Ist der Schnee geschmolzen, rennt Silvano Pua weiterhin die Berge hinauf – alleine oder auch in der Gruppe. Er tauscht dann die Skiausrüstung einfach gegen Turnschuhe und Läuferoutfit. «Trail Running macht mir ebenfalls grossen Spass und ist eine tolle Herausforderung», erzählt er. Bergläufe hat er schon bestritten und möchte dieses Jahr am Swiss Alpine in Davos teilnehmen, der über rund 70 Kilometer und 2600 Höhenmeter führt. Sofern der Lauf denn stattfindet.
Genauso begeistert wie von seinen Hobbys ist der Unterengadiner, dessen Muttersprache Rumantsch ist, auch von seinem Beruf. «Schon seit der ersten Klasse war mir klar, dass ich Schreiner werden möchte.» Sein Vater besitzt in Vnà eine Schreinerei, und schon als Bub habe er ihm in der Werkstatt geholfen, wann immer er gekonnt habe, erzählt er.
Seine Ausbildung macht Silvano Pua in der Schreinerei Fried in Bever GR. «Ich habe dort geschnuppert und es hat mir super gefallen. Es ist ein toller Betrieb.» Er hat noch einen Oberstift und fühlt sich im Team wohl. Je mehr überbetriebliche Kurse (ÜK) er absolviert, desto mehr Verantwortung wird ihm bei der Arbeit übertragen. Das freut ihn und spornt ihn an.
Weil sein Lehrbetrieb von seinem Wohnort weit entfernt ist, wohnt der Unterengadiner unter der Woche im Lehrlingshaus in Samedan GR. Das ist für ihn ideal, weil sich im Dorf auch die Berufsschule befindet und dort die ÜK stattfinden. Das Zusammenleben mit anderen Jugendlichen und jungen Erwachsenen findet er super. Man sei nie alleine.
Pua befindet sich im dritten Lehrjahr. Er konzentriert sich nun auf die baldige Teilprüfung. So richtig habe er allerdings noch nicht begonnen zu trainieren, gibt er zu. «Wir bereiten uns in der Klasse momentan mit ÜK vor, wo ich einen Schreibtisch herstelle.»
Aber zu Hause will er nun vermehrt in die Werkstatt seines Vaters gehen und viel üben. «Ich möchte nicht schon im Voraus nervös werden und an der Teilprüfung auf einen guten Tag hoffen und einfach mein Bestes geben.»
Nach der Lehre möchte Pua als Schreiner arbeiten und Erfahrungen sammeln. «Zuerst muss ich aber in die Rekrutenschule.
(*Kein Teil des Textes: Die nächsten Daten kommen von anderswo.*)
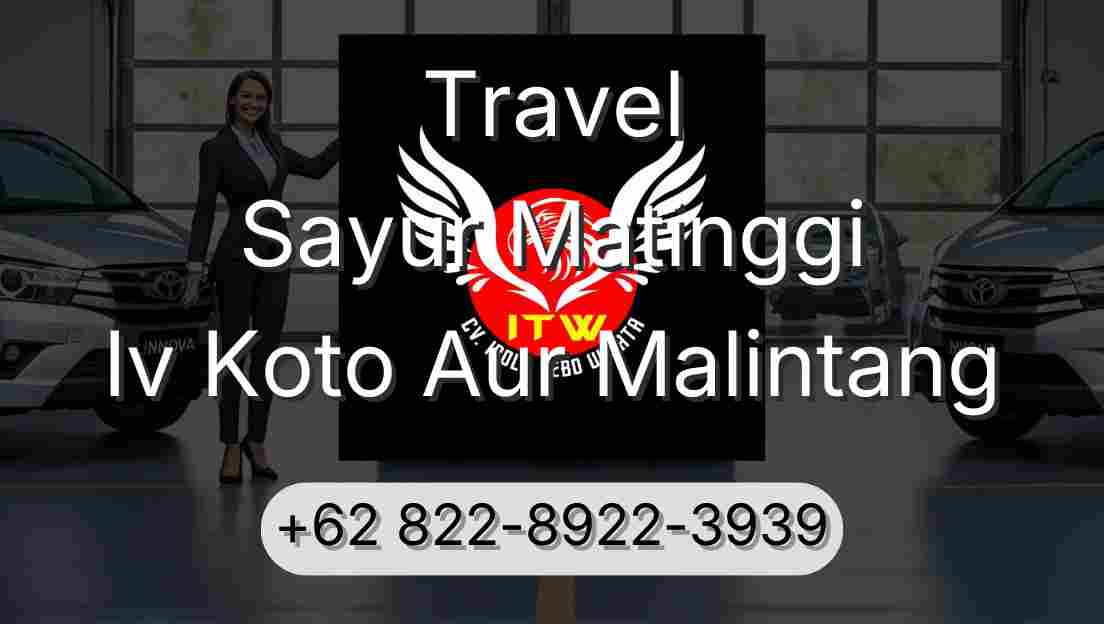 Travel Sayur Matinggi Iv Koto Aur Malintang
Und ich träume davon, eine Weltreise zu machen oder im Ausland zu arbeiten.» Nach einer gewissen Zeit plant er, eine Weiterbildung anzugehen und eines Tages in den Betrieb seines Vaters einzusteigen. «Bis dahin habe ich aber noch Zeit. Ich lasse es auf mich zukommen.»
Googelt man Silvano Pua findet man Berichte über eine besondere Begegnung. «Im Sommer 2018, als ich mit meinen Eltern in unserer Jagdhütte war, haben wir draussen gejasst. Auf einmal ist am gegenüberliegenden Hang ein Bär aufgetaucht», schildert er. «Er kam recht nahe, etwa auf 200 Meter, an uns heran und wir konnten ihn sicher 20 Minuten beobachten und filmen. Das war ein spezielles Erlebnis.» Sie seien deswegen sogar für das Rätoromanische Fernsehen interviewt worden. Denn der Bär sei in seiner Region ein grosses Thema, da er selten auftaucht. Obwohl er so oft in den Engadiner Bergen unterwegs ist, sei es bei dieser einen Begegnung mit dem pelzigen Tier geblieben. «Man kann nie wissen, aber viel näher muss ich keinem Bär kommen».